Wednesday, February 24, 2010

Betwixt and Between

"It is well known that the more a man speaks, the less he's understood."
--Abraham Lincoln (The Blue and the Gray)

The are two 'pure' ways of economic organization. One is capitalism, also known as a market economy. A capitalistic economy is a form of social cooperation based private ownership of the means of production. Decisions about what to produce and how to distribute output rest in private hands. In a market economy, the state's role is limited to the protection of property of its citizens against force or fraud.

The other alternative is socialism, also known as as state capitalism or authoritarian economy. A socialistic economy is a form of social cooperation based on public ownership of the means of production. Production and distribution decisions rest in government hands. In a socialistic economy, the state's scope is virtually unlimited.

Most would agree that, as defined, both of these economic forms are currrently more theoretical than practical. That is to say that neither of these pure forms exist in today's world on a sovereign scale. Instead, all national economies operate somewhere between the two extremes.

Mises (1998) referred to this middle ground as interventionism, also known as managed capitalism or hampered market economy. In an intervenionist economy, markets still exist, but the state seeks to interfere with behavior by use of coercive power, usally expressed through restrictive measures or price controls.

Visualize a grid that looks something like this:

|capitalism<-------------------------------->socialism|

Depending on the degree of intervention, you could plot any economy somewhere on this continuum.

A unidimensional scale might be the extent to which the economy is managed by the state:

|0% managed<---------------------->100% managed|

The most pressing issue on my mind (ouch) concerns the dynamics associated with the interventionist condition, i.e., can interventionist economy operate at a single point on the grid?
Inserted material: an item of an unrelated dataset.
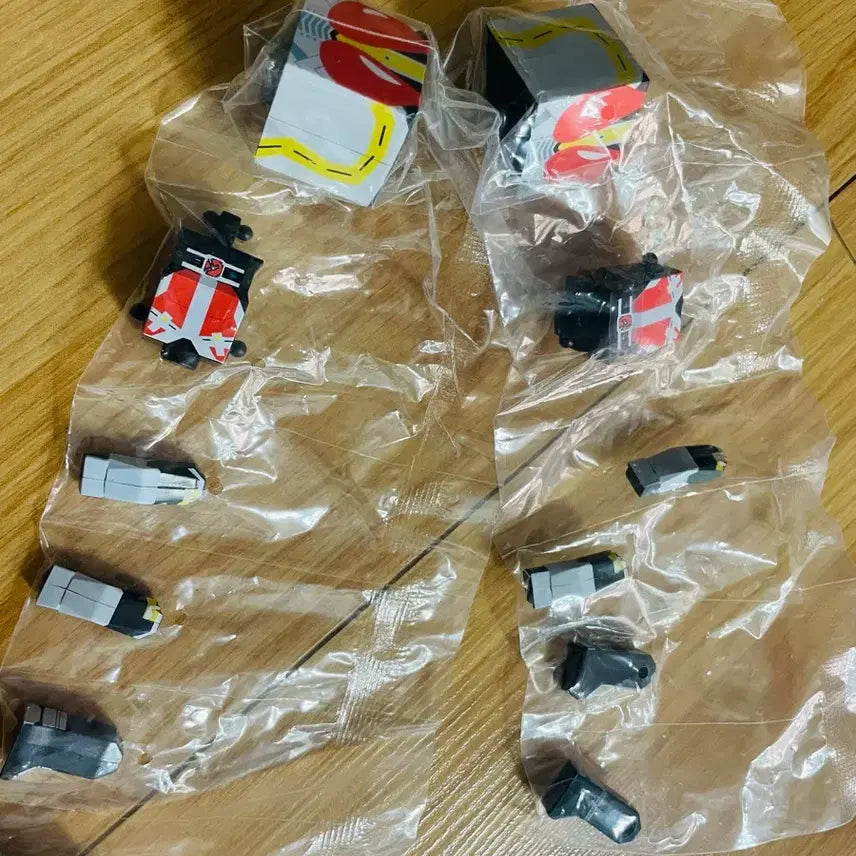 [BUNJANG] Kamen Rider Den-O Polygon Head Gacha Figure / 가면라이더 덴오 폴리곤헤드 가챠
Or is there a 'gravitational pull' that tugs an economy to one of the extremes over time? My reading thus far suggests a theoretical bias toward interventionism migrating toward socialism (Hayek, 1944; Marx, 1867; Schumpeter, 1942).

However, I wonder whether alternative cases are reasonable. Hope to explore these in future work.

Reference

Hayek, F. 1944. The road to serfdom. Chicago: The University of Chicago.

Marx, K. 1867. Das kapital, Vol. 1. Hamburg: O. Meissner.

Mises, L. 1998. Interventionism: An economic analysis. Irving-on-the-Hudson, NY: The Foundation for Economic Education, Inc.

Schumpeter, J.A. 1942. Capitalism, socialism, and democracy. New York: Harper & Brothers.